AVAILABLE DATA below:
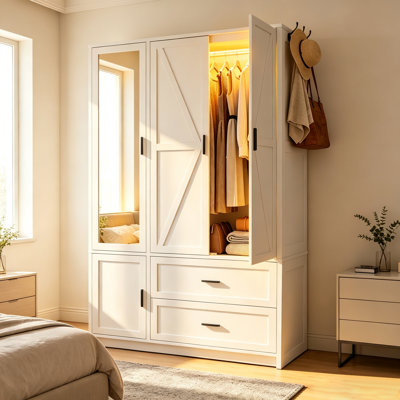 3 Doors Wooden Wardrobe Closet Armoire, White Storage Cabinet Withe Mirror and Led Lights, Bedroom Large Capacity Freestanding Armoire for Hanging Clothes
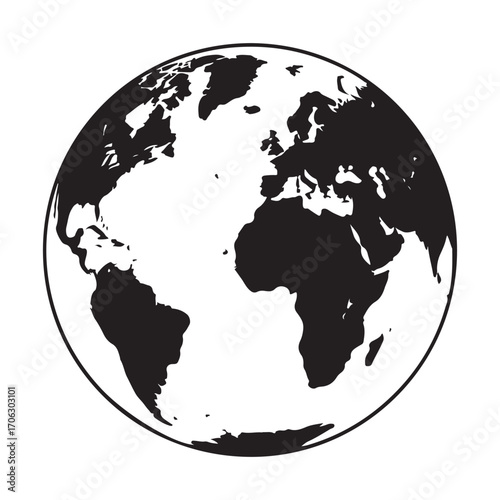 Simple World Map Silhouette Vector Icon for Geography, Travel, and Global Design Concepts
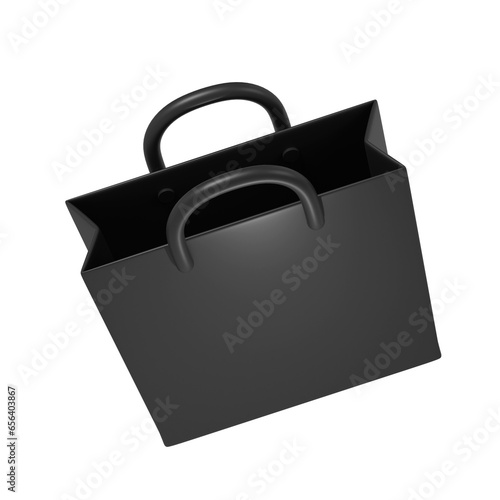 3d render Black Friday illustration with modern dark shopping bag mock up design. Discount, special offers promotion, shop advertisement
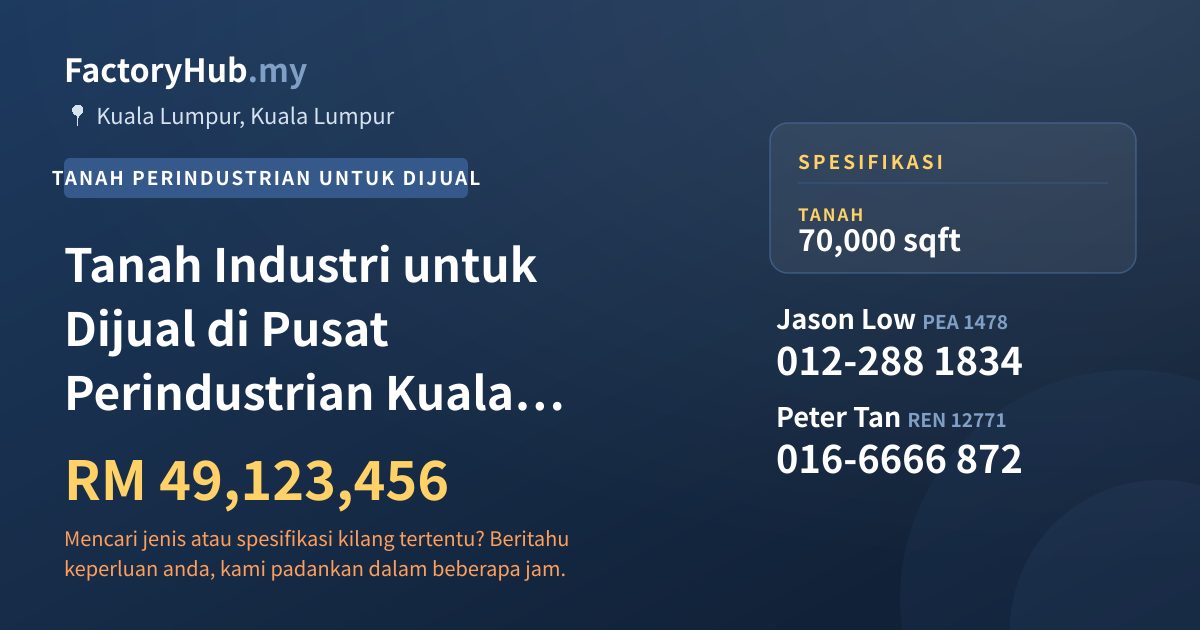 Tanah Untuk Dijual - Tanah Industri untuk Dijual di Pusat Perindustrian Kuala Lumpur - Kuala Lumpur, Kuala Lumpur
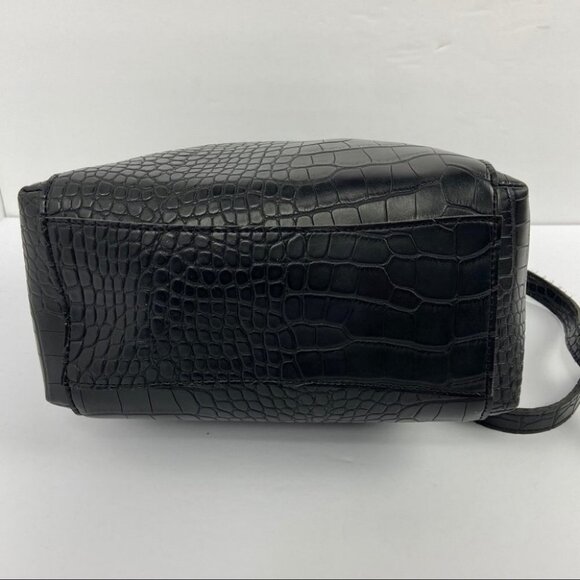 The Lovely Tote Vegan Leather Black‎ Purse Bag Shoulder Top Handle Faux Snake - Picture 3 of 14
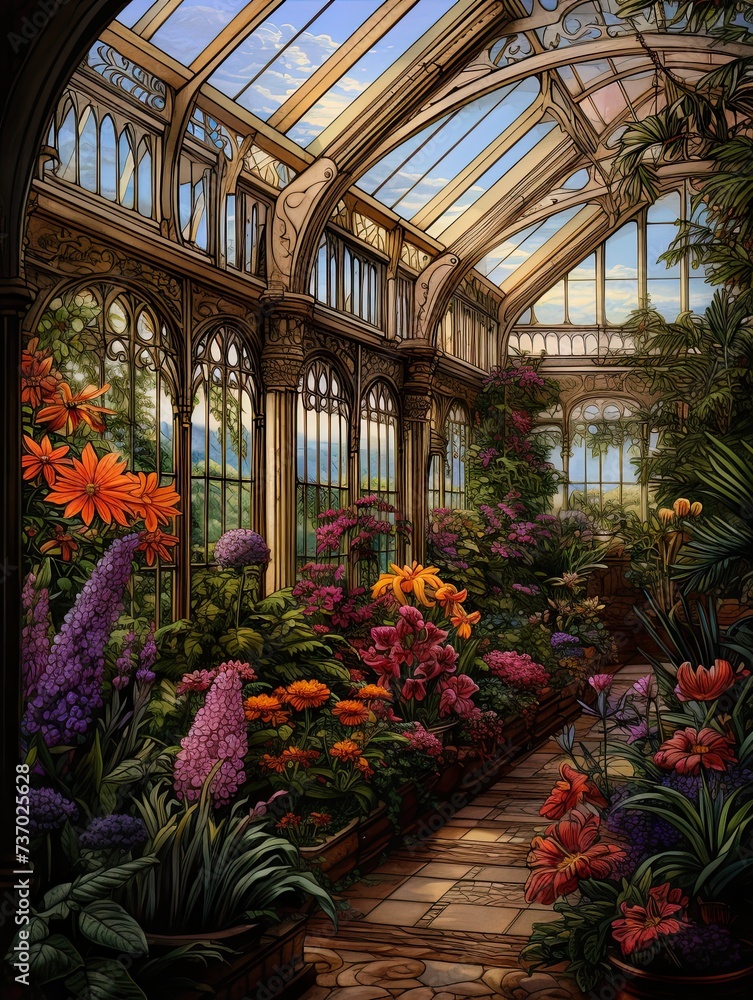 Victorian Greenhouse Botanicals: A Radiant Tapestry of Colorful Plant Displays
End of AVAILABLE DATA.
*TASK OBJECTIVE*
Could every entry above be printed again exactly, images excluded?

*ANSWER AREA*
 3 Doors Wooden Wardrobe Closet Armoire, White Storage Cabinet Withe Mirror and Led Lights, Bedroom Large Capacity Freestanding Armoire for Hanging Clothes
 Simple World Map Silhouette Vector Icon for Geography, Travel, and Global Design Concepts
 3d render Black Friday illustration with modern dark shopping bag mock up design. Discount, special offers promotion, shop advertisement
 Tanah Untuk Dijual - Tanah Industri untuk Dijual di Pusat Perindustrian Kuala Lumpur - Kuala Lumpur, Kuala Lumpur
 The Lovely Tote Vegan Leather Black‎ Purse Bag Shoulder Top Handle Faux Snake - Picture 3 of 14
 Victorian Greenhouse Botanicals: A Radiant Tapestry of Colorful Plant Displays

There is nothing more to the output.